Détails de tableaux de Caroline
La magie de la couleur
Pour Caroline, la couleur est un domaine magique et fascinant dont on ne fera jamais le tour, avec cette impression qu’une partie nous échappe car on la perçoit différemment selon notre culture, notre caractère, notre histoire, notre ressenti. Aujourd’hui elle me fait part de sa lecture récente de Georges Roque « Quand la lumière devient couleur » dans lequel elle a été sensibilisée à toutes les nuances de blanc de Bonnard auxquelles l’auteur consacre tout un chapitre. À ce propos, je vous invite à lire les défis #9 et #10 sur le blanc, pour vous laisser inspirer par des artistes qui en ont exploité toutes les facettes.
En tant que formatrice elle a l’impression d’ouvrir à ses élèves aussi bien la porte du merveilleux que celle de la réflexion; elle est fière de voir leur évolution et les nouvelles pistes qu’ils prennent après avoir suivi ses cours.
Des oursins, un jardin, des feuilles comme source d’inspiration pour Caroline et ses élèves (en bas à gauche, détail d’un de ses tableaux).
La nature est source d’inspiration pour Caroline, inspiration qu’elle souhaite communiquer à ses élèves en leur proposant des « études rétiniennes », un travail d’après nature, dans son jardin ou dans l’atelier, au départ de fossiles, coquillages ou feuillage.

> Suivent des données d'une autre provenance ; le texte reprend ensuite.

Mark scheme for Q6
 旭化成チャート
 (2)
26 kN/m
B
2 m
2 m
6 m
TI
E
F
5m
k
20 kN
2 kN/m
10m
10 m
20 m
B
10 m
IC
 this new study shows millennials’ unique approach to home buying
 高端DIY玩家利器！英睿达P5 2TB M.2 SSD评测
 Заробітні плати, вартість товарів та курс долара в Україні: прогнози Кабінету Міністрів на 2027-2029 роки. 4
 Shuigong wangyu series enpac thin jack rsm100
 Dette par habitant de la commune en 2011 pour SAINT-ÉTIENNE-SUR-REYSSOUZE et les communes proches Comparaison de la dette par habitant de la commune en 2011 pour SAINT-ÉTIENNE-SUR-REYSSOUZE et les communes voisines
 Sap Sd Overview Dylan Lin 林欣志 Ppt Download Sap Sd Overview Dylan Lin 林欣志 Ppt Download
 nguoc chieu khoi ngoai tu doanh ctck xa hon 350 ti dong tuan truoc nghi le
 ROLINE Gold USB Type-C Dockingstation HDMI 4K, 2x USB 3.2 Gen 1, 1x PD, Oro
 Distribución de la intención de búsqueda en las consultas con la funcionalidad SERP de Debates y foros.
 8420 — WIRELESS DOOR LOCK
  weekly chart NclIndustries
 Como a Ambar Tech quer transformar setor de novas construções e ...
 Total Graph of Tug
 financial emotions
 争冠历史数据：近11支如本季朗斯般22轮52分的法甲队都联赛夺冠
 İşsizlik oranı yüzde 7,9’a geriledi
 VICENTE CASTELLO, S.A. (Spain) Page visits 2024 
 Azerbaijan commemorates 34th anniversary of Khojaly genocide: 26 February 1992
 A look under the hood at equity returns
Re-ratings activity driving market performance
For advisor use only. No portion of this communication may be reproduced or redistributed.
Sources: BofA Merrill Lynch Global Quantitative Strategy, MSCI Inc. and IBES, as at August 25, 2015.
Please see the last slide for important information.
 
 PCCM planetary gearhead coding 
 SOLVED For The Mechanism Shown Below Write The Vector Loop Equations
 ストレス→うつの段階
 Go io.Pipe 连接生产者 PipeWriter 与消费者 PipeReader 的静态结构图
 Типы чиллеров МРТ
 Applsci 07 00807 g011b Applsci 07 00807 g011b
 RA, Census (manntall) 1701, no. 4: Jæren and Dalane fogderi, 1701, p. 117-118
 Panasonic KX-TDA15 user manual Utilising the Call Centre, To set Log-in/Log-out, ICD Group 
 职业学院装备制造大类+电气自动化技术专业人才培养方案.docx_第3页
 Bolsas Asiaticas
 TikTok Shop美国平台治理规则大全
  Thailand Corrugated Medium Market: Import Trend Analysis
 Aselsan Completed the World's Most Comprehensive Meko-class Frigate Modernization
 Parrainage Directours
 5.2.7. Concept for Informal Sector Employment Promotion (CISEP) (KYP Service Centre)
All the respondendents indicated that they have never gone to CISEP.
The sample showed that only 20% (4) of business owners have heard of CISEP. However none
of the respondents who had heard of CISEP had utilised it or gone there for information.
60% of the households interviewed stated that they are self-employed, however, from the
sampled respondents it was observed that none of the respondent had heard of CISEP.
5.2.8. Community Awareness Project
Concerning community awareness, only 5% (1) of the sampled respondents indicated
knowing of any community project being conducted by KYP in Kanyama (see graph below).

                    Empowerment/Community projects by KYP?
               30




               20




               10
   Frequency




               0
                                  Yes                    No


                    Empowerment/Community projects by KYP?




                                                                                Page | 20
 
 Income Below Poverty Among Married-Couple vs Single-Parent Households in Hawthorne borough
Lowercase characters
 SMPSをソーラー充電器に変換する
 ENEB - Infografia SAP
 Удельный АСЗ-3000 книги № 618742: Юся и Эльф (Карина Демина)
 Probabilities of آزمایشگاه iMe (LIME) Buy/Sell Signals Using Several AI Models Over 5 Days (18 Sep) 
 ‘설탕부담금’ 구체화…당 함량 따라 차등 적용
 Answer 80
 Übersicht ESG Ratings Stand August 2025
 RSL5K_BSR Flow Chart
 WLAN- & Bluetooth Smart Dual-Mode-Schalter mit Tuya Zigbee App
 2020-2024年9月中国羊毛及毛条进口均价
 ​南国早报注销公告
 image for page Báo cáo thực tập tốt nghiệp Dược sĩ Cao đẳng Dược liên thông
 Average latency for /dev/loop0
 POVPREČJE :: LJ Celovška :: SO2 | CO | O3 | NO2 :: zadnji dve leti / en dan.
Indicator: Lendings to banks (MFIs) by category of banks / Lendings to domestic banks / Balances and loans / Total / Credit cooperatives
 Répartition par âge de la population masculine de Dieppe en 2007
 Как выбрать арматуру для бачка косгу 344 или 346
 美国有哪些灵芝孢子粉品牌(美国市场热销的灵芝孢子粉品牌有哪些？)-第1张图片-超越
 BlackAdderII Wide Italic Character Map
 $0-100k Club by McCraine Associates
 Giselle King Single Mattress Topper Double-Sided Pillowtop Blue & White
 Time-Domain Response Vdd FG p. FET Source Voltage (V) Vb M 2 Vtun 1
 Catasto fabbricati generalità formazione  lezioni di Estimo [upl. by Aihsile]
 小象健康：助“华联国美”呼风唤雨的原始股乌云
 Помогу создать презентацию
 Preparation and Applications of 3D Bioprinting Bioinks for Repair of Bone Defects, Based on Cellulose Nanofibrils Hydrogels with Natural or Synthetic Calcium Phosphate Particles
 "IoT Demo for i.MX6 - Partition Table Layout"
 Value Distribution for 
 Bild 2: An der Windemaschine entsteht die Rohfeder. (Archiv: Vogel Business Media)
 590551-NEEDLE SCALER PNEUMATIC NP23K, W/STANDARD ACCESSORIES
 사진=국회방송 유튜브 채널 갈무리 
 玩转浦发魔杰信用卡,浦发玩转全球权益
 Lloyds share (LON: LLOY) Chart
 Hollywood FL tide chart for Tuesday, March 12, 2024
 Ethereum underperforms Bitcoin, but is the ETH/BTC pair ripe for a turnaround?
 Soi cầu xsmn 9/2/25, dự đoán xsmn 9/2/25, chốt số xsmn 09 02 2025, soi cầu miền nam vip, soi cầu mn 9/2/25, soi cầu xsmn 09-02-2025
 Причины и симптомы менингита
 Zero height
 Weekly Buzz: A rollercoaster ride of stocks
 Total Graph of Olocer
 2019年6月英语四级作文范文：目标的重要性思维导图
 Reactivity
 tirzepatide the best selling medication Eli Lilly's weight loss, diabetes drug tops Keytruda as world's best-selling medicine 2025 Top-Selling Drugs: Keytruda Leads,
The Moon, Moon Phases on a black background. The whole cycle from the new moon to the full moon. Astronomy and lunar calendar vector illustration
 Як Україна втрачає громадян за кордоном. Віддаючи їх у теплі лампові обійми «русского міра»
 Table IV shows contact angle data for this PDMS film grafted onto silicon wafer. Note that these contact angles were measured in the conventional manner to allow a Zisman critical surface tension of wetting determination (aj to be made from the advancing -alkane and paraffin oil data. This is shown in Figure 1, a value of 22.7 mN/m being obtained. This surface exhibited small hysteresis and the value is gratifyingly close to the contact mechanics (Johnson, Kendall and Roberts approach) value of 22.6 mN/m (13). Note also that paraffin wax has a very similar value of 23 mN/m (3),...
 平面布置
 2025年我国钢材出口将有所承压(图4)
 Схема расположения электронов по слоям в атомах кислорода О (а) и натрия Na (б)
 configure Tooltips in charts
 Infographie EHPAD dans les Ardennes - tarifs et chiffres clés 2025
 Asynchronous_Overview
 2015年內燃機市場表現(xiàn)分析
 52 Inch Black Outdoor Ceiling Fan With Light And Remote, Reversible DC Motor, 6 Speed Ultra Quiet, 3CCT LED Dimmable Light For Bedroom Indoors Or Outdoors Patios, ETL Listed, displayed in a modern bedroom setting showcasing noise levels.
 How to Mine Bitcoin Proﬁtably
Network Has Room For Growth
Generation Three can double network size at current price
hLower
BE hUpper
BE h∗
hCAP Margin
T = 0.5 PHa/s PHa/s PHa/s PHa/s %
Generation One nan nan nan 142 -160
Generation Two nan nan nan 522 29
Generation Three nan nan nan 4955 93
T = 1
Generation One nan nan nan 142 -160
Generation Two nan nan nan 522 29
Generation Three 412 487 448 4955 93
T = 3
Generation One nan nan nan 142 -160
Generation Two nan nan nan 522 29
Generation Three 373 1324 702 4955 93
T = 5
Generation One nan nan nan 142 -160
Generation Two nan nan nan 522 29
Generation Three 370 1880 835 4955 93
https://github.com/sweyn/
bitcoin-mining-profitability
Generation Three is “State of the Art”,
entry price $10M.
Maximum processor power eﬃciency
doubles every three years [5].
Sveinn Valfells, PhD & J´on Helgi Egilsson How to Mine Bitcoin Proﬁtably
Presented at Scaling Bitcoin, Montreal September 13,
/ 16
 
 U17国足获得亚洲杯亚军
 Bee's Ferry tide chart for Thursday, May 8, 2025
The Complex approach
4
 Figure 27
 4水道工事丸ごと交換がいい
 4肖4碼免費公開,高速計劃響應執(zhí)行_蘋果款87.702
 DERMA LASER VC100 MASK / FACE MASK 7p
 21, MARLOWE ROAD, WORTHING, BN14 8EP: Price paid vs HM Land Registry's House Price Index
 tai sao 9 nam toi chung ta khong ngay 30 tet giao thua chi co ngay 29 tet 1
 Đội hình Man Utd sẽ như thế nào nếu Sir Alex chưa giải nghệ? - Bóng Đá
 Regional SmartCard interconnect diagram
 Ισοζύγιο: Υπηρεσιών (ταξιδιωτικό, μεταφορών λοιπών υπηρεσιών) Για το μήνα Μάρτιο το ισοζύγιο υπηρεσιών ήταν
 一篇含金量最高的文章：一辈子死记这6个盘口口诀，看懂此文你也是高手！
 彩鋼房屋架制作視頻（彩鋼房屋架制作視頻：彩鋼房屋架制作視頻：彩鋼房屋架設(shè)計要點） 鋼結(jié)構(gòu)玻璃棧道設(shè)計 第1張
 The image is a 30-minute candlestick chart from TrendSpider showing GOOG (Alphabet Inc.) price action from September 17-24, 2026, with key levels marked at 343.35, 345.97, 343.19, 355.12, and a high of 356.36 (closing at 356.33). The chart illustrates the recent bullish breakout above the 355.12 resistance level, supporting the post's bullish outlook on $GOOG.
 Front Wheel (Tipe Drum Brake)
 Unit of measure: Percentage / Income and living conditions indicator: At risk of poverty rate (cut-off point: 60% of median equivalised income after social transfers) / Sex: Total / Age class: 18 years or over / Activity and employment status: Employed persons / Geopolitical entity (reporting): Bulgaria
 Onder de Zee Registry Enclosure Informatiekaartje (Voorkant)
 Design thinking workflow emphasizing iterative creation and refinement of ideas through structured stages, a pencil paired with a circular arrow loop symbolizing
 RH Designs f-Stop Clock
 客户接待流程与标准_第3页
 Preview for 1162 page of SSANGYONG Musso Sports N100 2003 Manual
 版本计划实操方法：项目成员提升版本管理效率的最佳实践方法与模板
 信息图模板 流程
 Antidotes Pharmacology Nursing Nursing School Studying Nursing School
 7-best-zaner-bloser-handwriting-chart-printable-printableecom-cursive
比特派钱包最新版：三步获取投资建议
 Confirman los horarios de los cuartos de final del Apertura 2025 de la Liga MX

A la recherche d’un équilibre
Le temps partagé entre l’artiste et la formatrice est sujet à tension. Souvent Caroline souhaiterait plus de temps pour créer mais ses activités d’enseignante, de conseil en couleur et d’exploration grignotent le temps. Elle apprécie le côté social, les rencontres et surtout les possibilités d’échanges que lui offrent ces dernières activités par opposition au travail solitaire du peintre et du milieu artistique relativement fermé. Mais c’est décidé: elle va retourner à ses pinceaux!